# Required work
Only the pictures should be left out; write out all other data exactly.

# Recorded information
—————
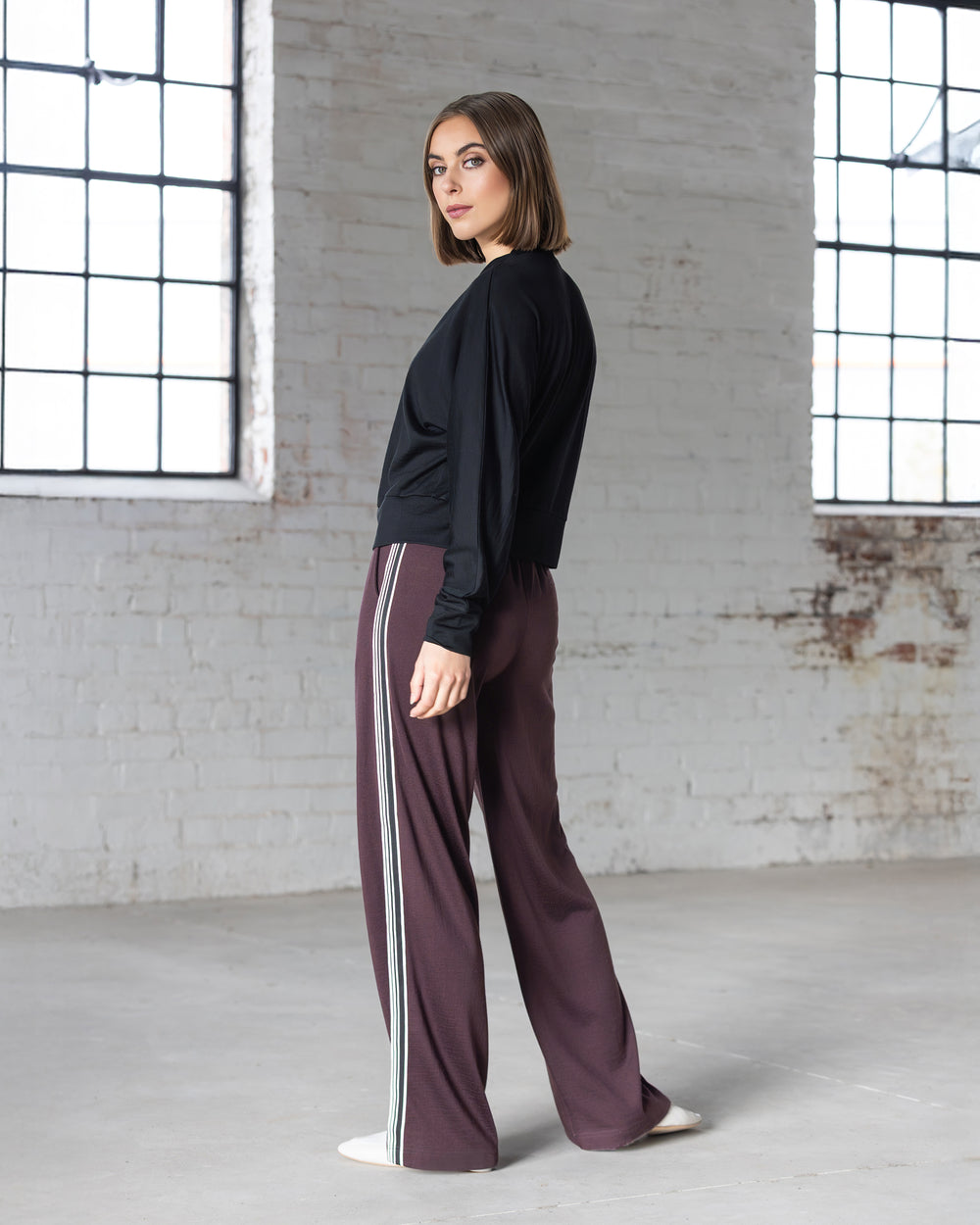 Vassalli Asher Pant Berry side view.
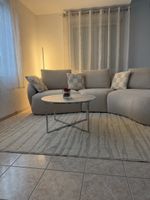 Couchtisch rund in Marmoroptik mit Chromgestell – wie neu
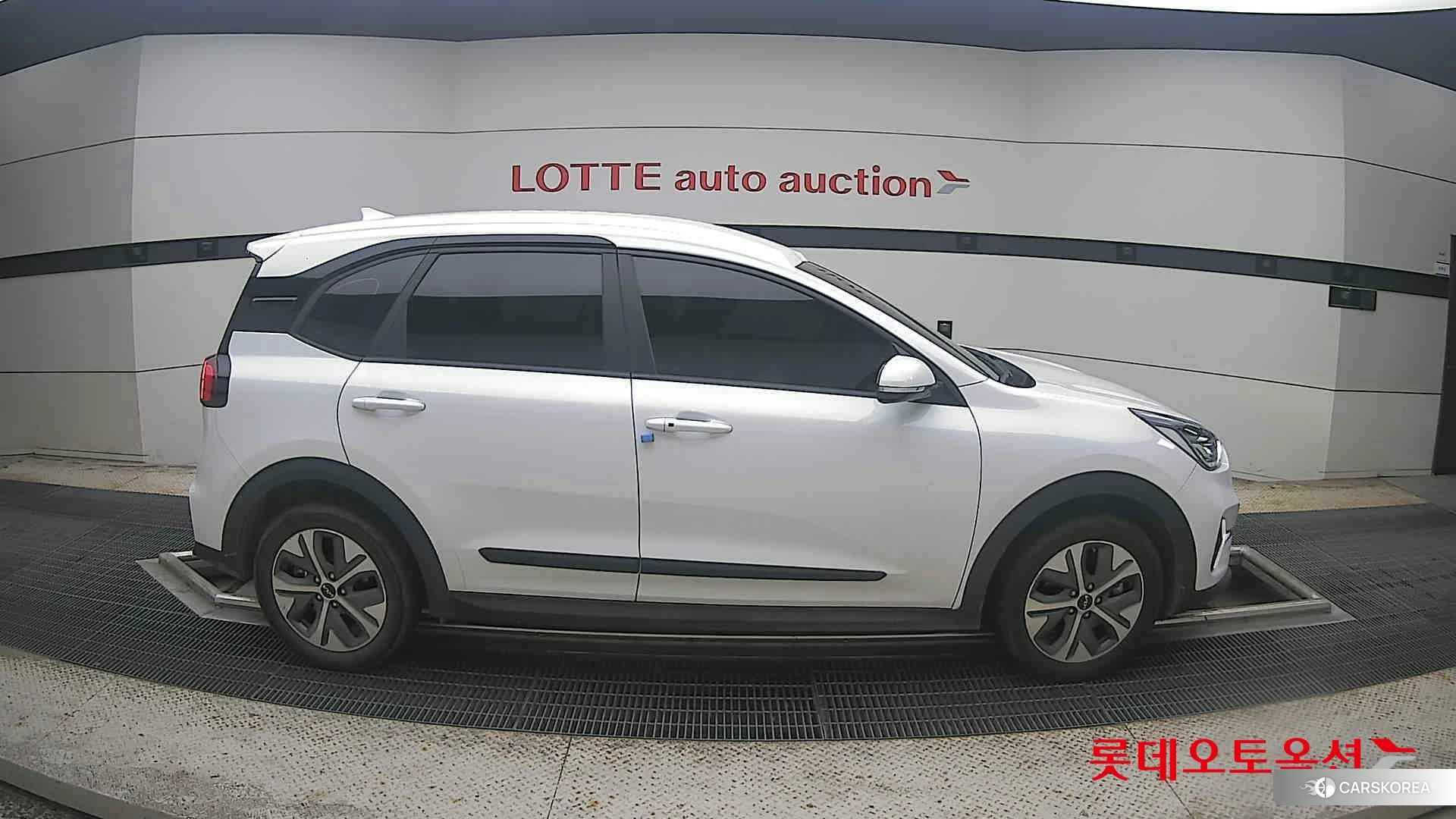Kia Niro Plus id 4674220 из Кореи 23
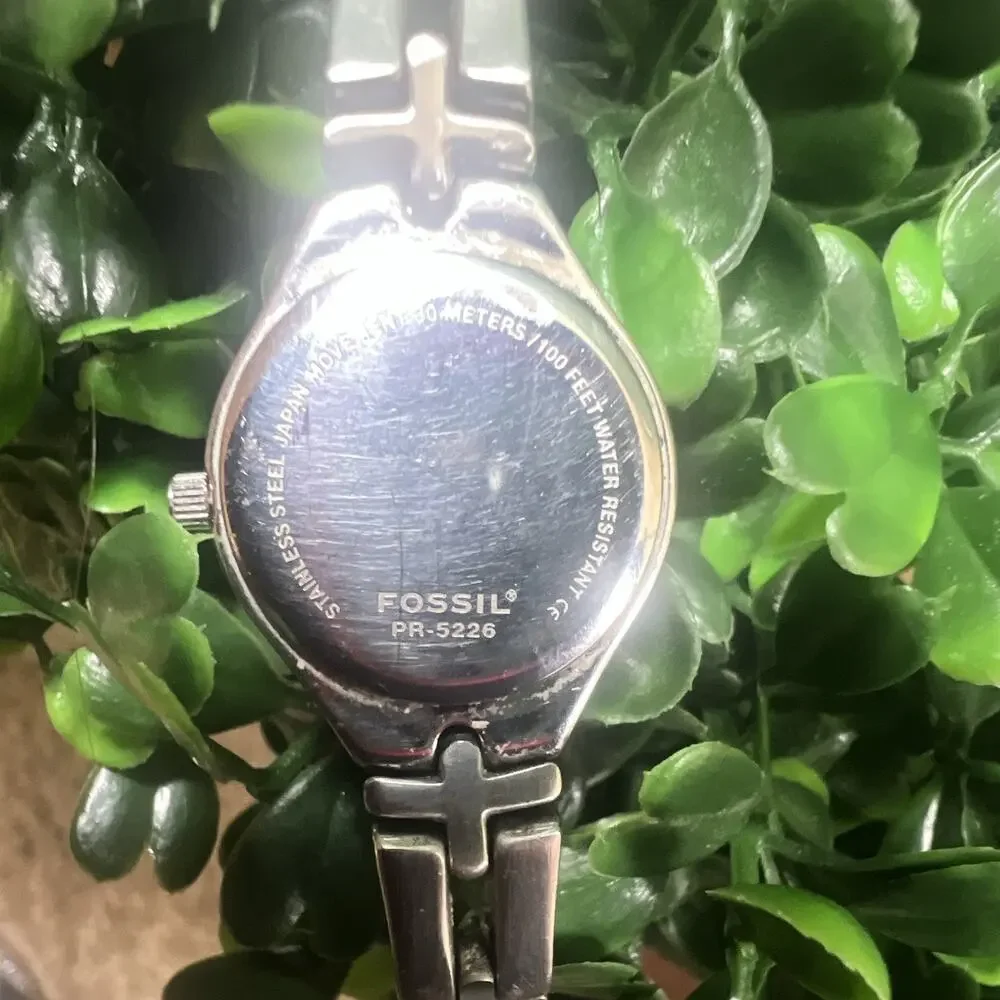 Fossil Women’s Quartz Analog Date Watch Silver Dial Steel Bracelet 30m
—————
# Result of the exercise
 Vassalli Asher Pant Berry side view.
 Couchtisch rund in Marmoroptik mit Chromgestell – wie neu
Kia Niro Plus id 4674220 из Кореи 23
 Fossil Women’s Quartz Analog Date Watch Silver Dial Steel Bracelet 30m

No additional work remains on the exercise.